In reviewing the clinical notes from the endocrinologist’s office, it looked as if her

focus was on your diagnosis from 15 years earlier of Polycystic ovary syndrome

(PCOS).  And yet, your autopsy found no evidence of PCOS.   Why hadn’t the

endocrinologist tested you to see if you actually had PCOS?  After suggesting you

were androgynous and hirsute, why didn’t they do any testing for either? Why did

they recommend that you stay on Yaz when the reason for your consultation was

elevated liver function, which is a known side effect of Yaz? 

 

Where was their compassion?  Where was there scientific curiosity?  Where was their desire to prevent harm to their patients?
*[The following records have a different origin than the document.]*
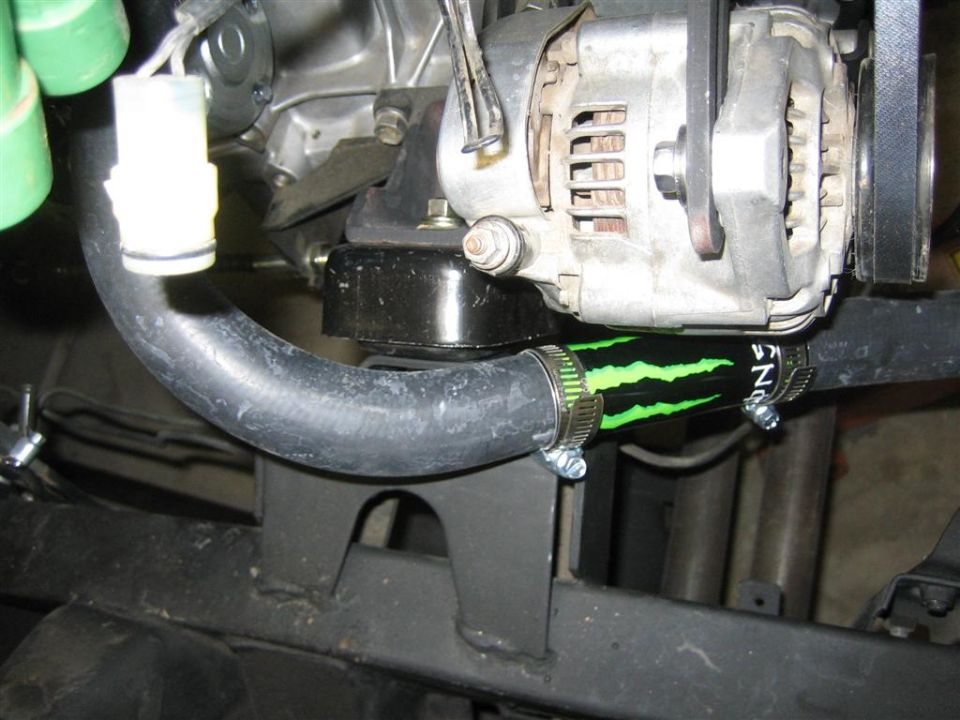 Engine hose with Monster Energy logo and Supermotors.net watermark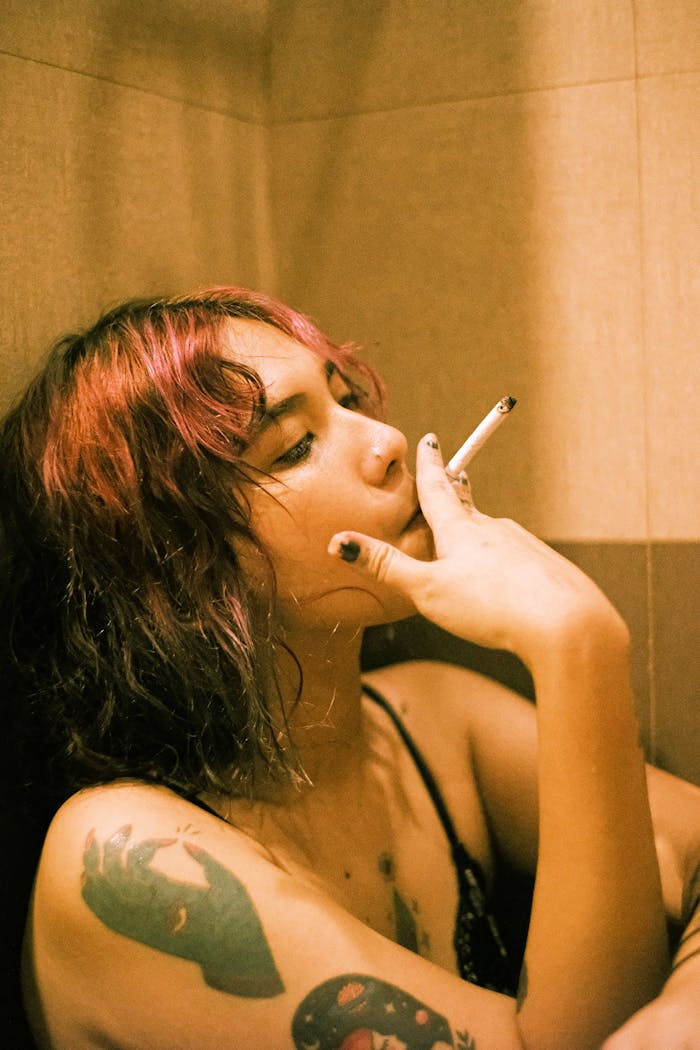 A woman with tattoos and unique hairstyle relaxes indoors, smoking a cigarette.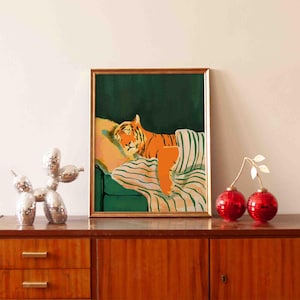 May include: A framed art print depicts an orange tiger resting on a green couch with a striped blanket. The artwork is in a gold frame and is displayed on a wooden cabinet. Decorative items include a disco dog sculpture and red ornaments.
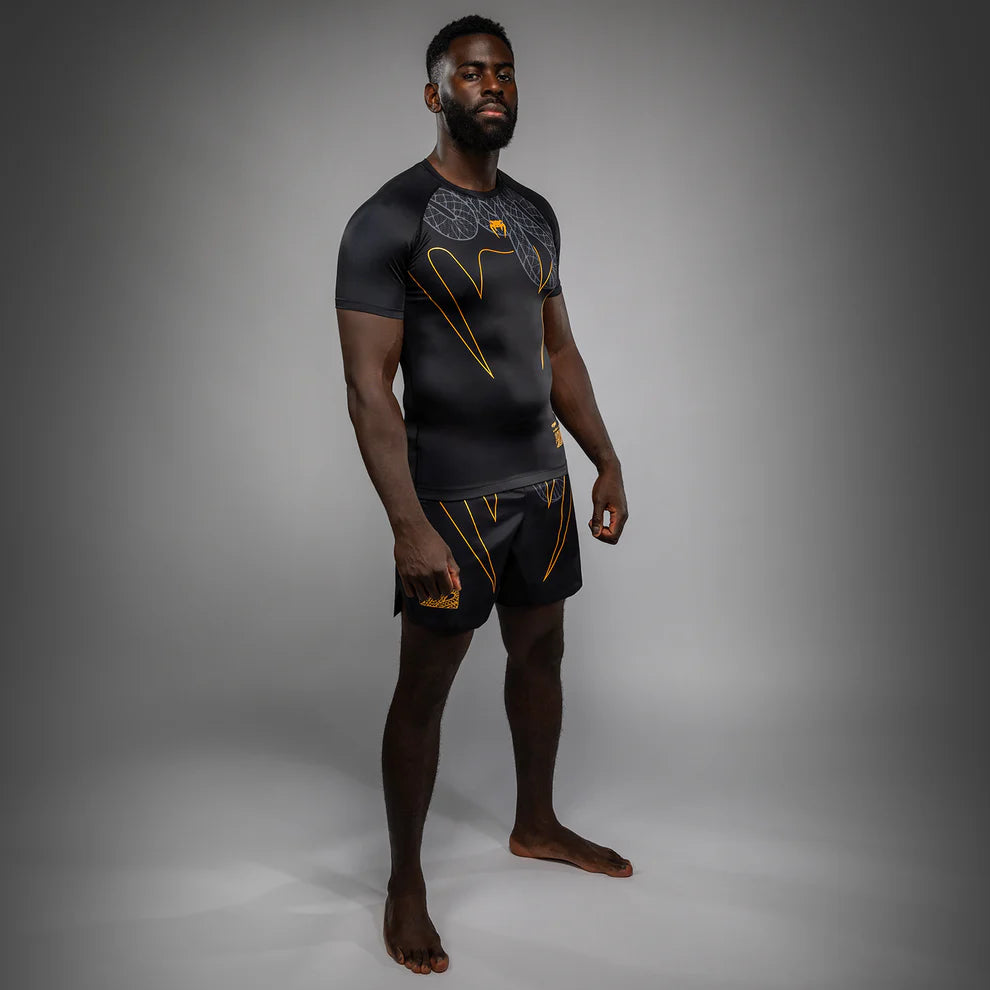 Second Side view of Venum Serpenti Short Sleeve Rashguard Black Silver Gold showing short sleeve compression fit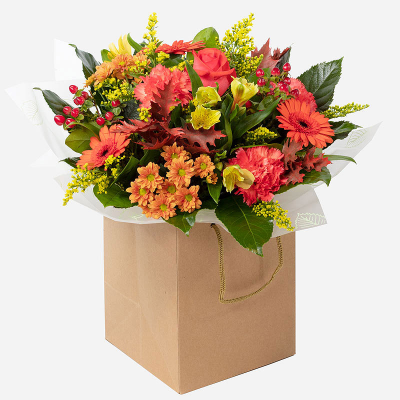 Honey & Spice - Autumn holds some of the most stunning blooms of the year, which can be seen in our beautiful Autumn Sunset hand-tied, featuring a collection of seasonal flowers and foliage that are perfect for any occasion.   
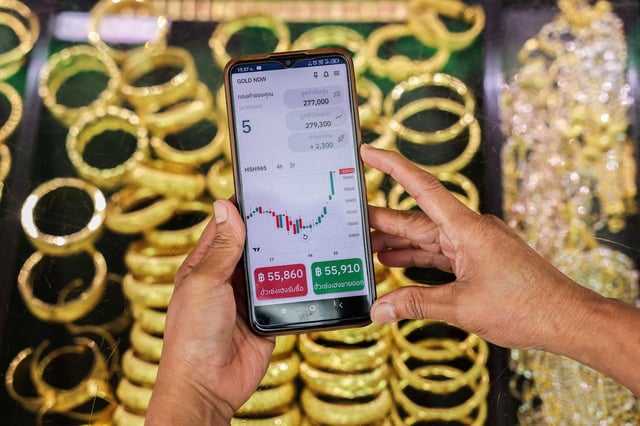 A woman uses the Gold Now app, an online gold trading and savings application developed by Thailand's gold dealer Hua Seng Heng, on her mobile phone as she checks gold price, in Bangkok, Thailand, September 22, 2025. REUTERS/Chalinee Thirasupa
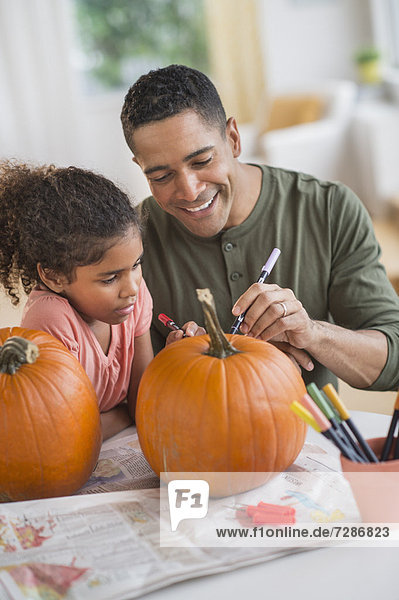Father and daughter (6-7) carving pumpkins for Halloween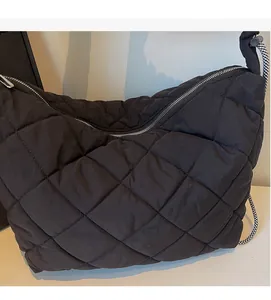 Detail of black quilted puffer tote featuring large diamond pattern and woven strap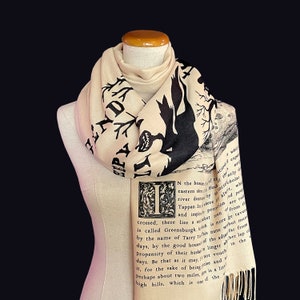 May include: A beige scarf with a black and white print of a tree and a bird. The scarf has text printed on it that reads "N the bosse of th eastern shure Huds river dead by laciefcholas Tappan shere of alert, whil and impii Prondion are tol crossed, there lies et town of from th by the name of Tarry his name webut merri is called Greensburgh both is more ze taven Propensity of their hushto linger abther lap of days, by the good houser of the adiar far from days. Be that as it may not vouch it, for the sake of beine Rise and s Perhaps about two miles is a lice high hills, which is one of the"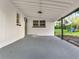 Carport featuring concrete flooring and white-painted block walls at 7043 Carlene Dr, Orlando, FL 32835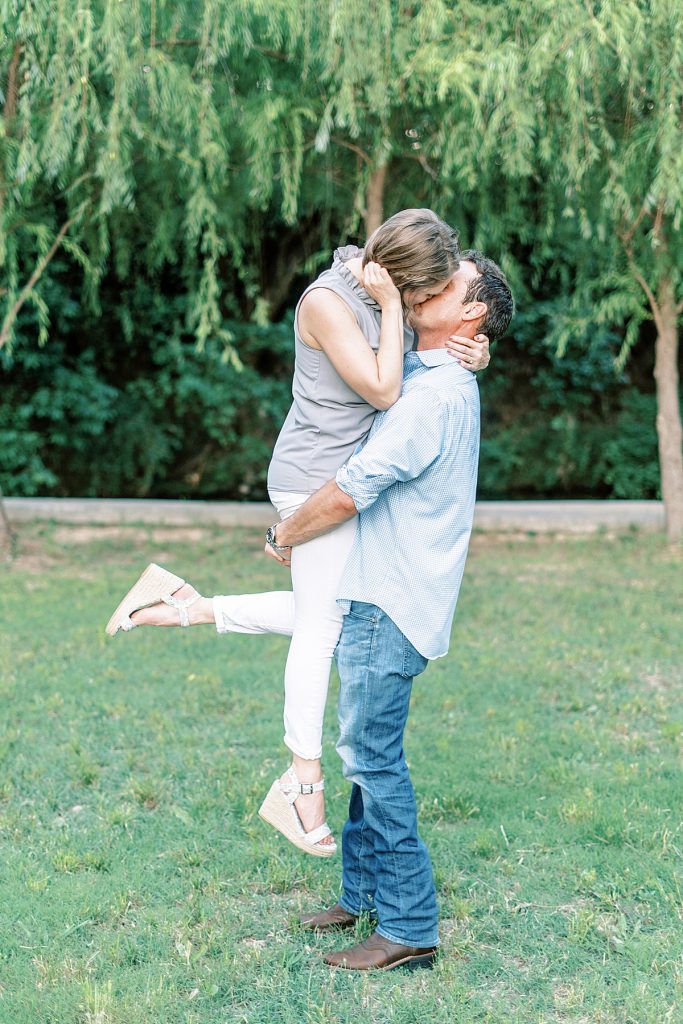 Guy picks up girl and kisses her romantically during their Airfield Falls Engagement Session 
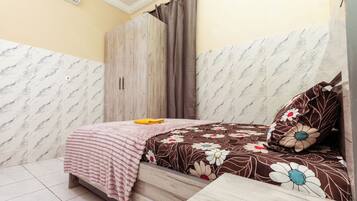 Un dormitorio con cama, armario de madera, cortina y pared con diseño de mármol.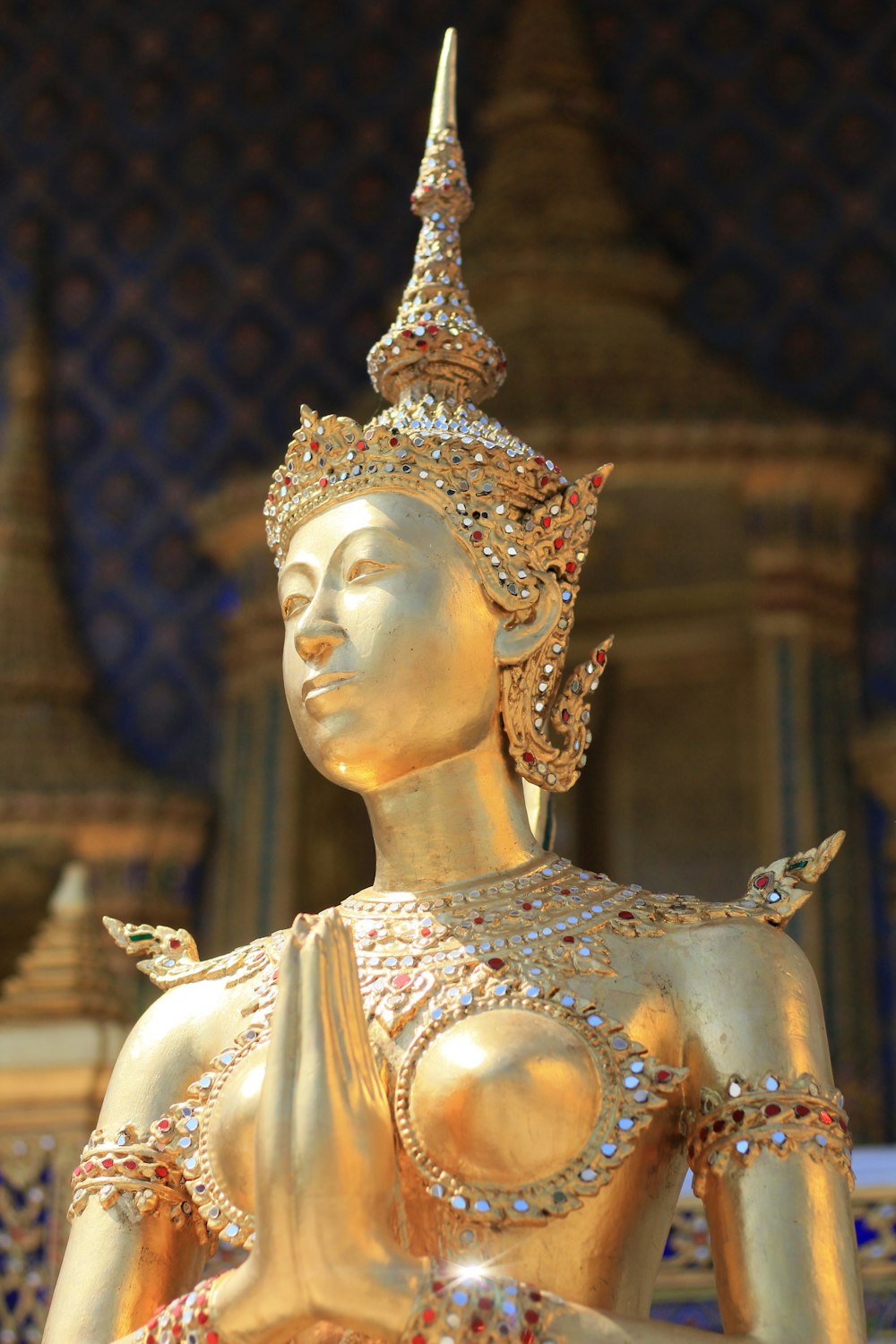 a golden statue of a woman with a crown on her head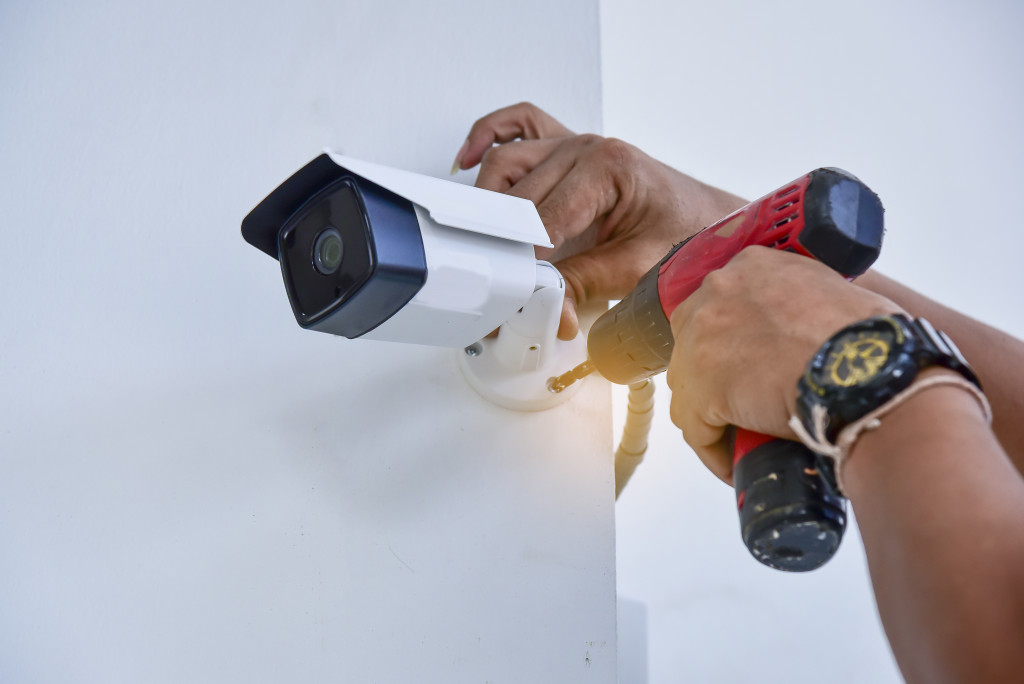 person installing a CCTV camera in a white wall corner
The endocrinologist’s website bragged about their ability to treat PCOS – but given how popular Yaz was as birth control, why didn’t they know that the symptoms of PCOS and Yaz are similar (all they had to do was look those symptoms up online)?  Why didn’t this endocrinologist know that and consider an alternative diagnosis? They did no tests to support the PCOS diagnosis and got most of the clinical observations (such as hirsutism) wrong. The M.E. found positive proof that the diagnosis was incorrect.

 

Sadly, what we know now about your treatment and the way the medical profession works was a major contributor to Yaz killing you.

 

Annie, it broke our hearts again when we realized how easily you could have been saved. If only anyone had considered that something prescribed for you caused your symptoms and the outcome! Medicines are intended to change how your body functions.  Doctors feel reassured when medicine causes changes that successfully deal with our symptoms, but reluctant to even consider that the medication they prescribed could cause symptoms that are known side effects.

 

When we looked at your phone records and the OB/GYN appointment sheet we realized that about an hour after you picked up your last Yaz prescription (two weeks before your death) you had called your OB/GYN to make an appointment. You must have noticed the listed side effects of Yaz and suspected Yaz as a cause of your numerous medical problems! The receptionist did not tell you to discontinue Yaz or even refer you to a health professional for a phone consult.  Apparently, they thought your call only warranted a routine response of making an appointment.

 

 Your appointment was made for early on a Sunday morning.  Late in the week, you realized that a Sunday appointment must be a mistake; after all, the doctor’s office had not called to remind you of the appointment. You rescheduled but died before physically seeing the NP. Our investigation has revealed that this doctor regularly made appointments at weird times and sometimes he or his staff did not show up!  Even if you had gone to the office, would they have been there?  We’ll never know.

 

Our investigation also revealed that after stopping hormones like Yaz for just two weeks the risk of blood clots decreases dramatically - it washes out of your system. You were not sexually active so had no risk of pregnancy. All it would have taken was for the doctor to tell you to stop Yaz until you came in.

 

Your OB/GYN could have stopped the Yaz…

 

The primary care doctor (or nurse practioner) could have told you to stop taking it…

 

The endocrinologist could have told you to stop taking it…

 

If only…if only…if only. Too many wasted opportunities that resulted in wasting your beautiful, promising life!!

 

Two years later, the Maryland Medical Board would exonerate both the OB/GYN and the endocrinologist of any wrong doing.